Jeniece stood. Dr. Jacobson stood.
"Thank you, Dr. Jacobson," she said, her voice still flat and soft.
She was just so tired, you see? Too tired to try to talk anymore.
She turned and walked out of the office and down the short hallway, opening the grey door and entering the lobby. The receptionist watched Jeniece walk across the slate grey carpet and through the sliding glass doors, head held high but arms unmoving. Her purse dangled from her fingertips as if even that were slipping unavoidably away.
Jeniece walked to her car, feet shuffling on the hot concrete. She climbed into the passenger seat and sat with her hands on the steering wheel, keys resting on her lap instead of in the ignition. She sat like that for a long time, not seeing the tree in front of her or the people walking by or in the traffic in the distance. In the heat of the car it was easy to just sit, just be, instead of constantly having to bear the burden of her life.

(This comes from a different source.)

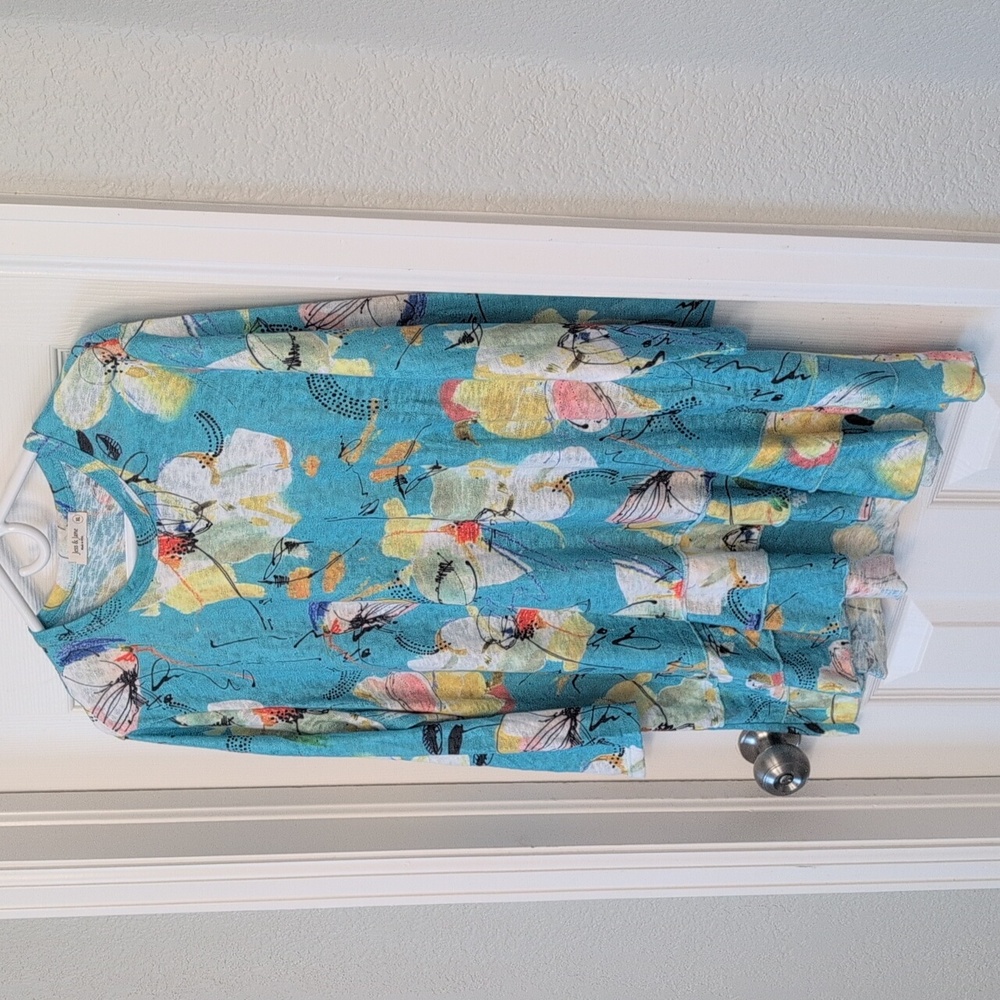 Jess & Jane Floral Ruffle Hem Top - Picture 7 of 11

Her first son, Daniel, had died of cancer and she'd thought she'd paid her karmic price. Six weeks after Daniel died she found out she was pregnant. When Ben was born he was so perfect. Perfect eyes and perfect hands and perfect ten toes. When he was two she found out she was pregnant again, and three months later Ben was diagnosed with cancer. The same cancer that Daniel died of. A rare and aggressive brain cancer and both of her sons had it. She was grateful when her daughter was born, but her daughter, Rachel, was born while Ben was undergoing treatment. The celebration of Rachel's life was tainted by that fact. Ben's cancer returned when he was five, again when he was seven, and now again as he turned nine. Rachel had never known life where her brother wasn't sick and using all the family's time, energy and money.
And she never would.
Jeniece was pregnant again, just past four months. Ben would die and immediately a new child would enter the family. Rachel, sweet, healthy, laughing Rachel, would take second place to the needs of an infant. Nearly seven years old and Rachel had never been the most important child in her parents' lives. Jeniece hoped Rachel wouldn't despise her health and vivacity. A vibration from the passenger seat signaled an incoming text. A second vibration signaled it was, in fact, a call, not a text. She pulled her phone from her purse and saw Richard's picture on the screen. She slid to open.

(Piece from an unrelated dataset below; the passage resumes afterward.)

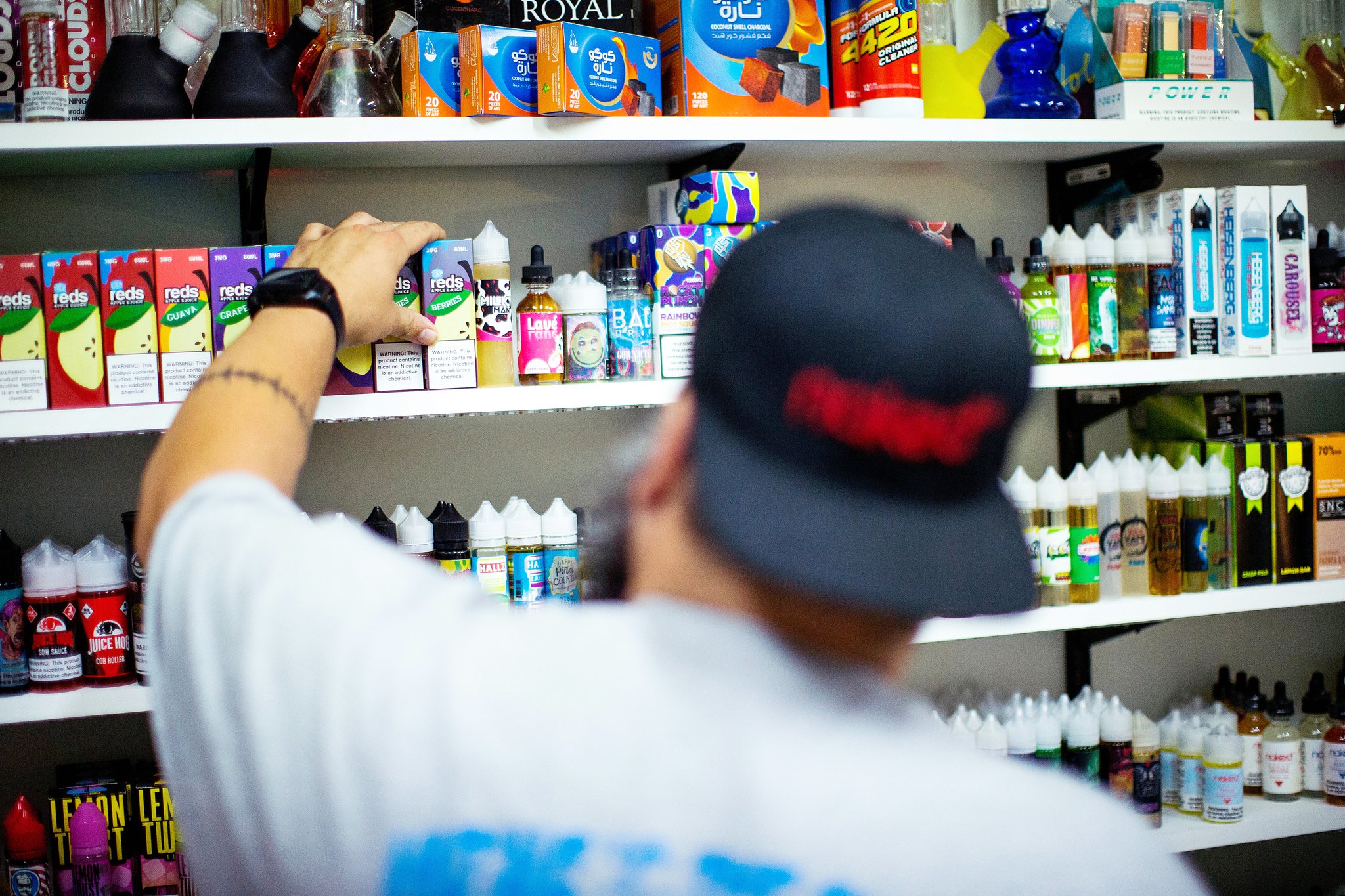 미국 뉴저지 주의 한 상점 점원이 전자담배를 정리하고 있다. [로이터=연합뉴스]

"Hi, honey," she said in her flat voice.
"Where are you? I expected you home half an hour ago." She looked at the clock on the car dashboard. An hour had passed since she'd gotten into the car. Sweat trickled down her head and neck and between her thighs. Funny, she'd not noticed she was so hot.
"Sorry. I'm coming right now. I'll bring ice cream," she said. She didn't want ice cream. She didn't want any of this.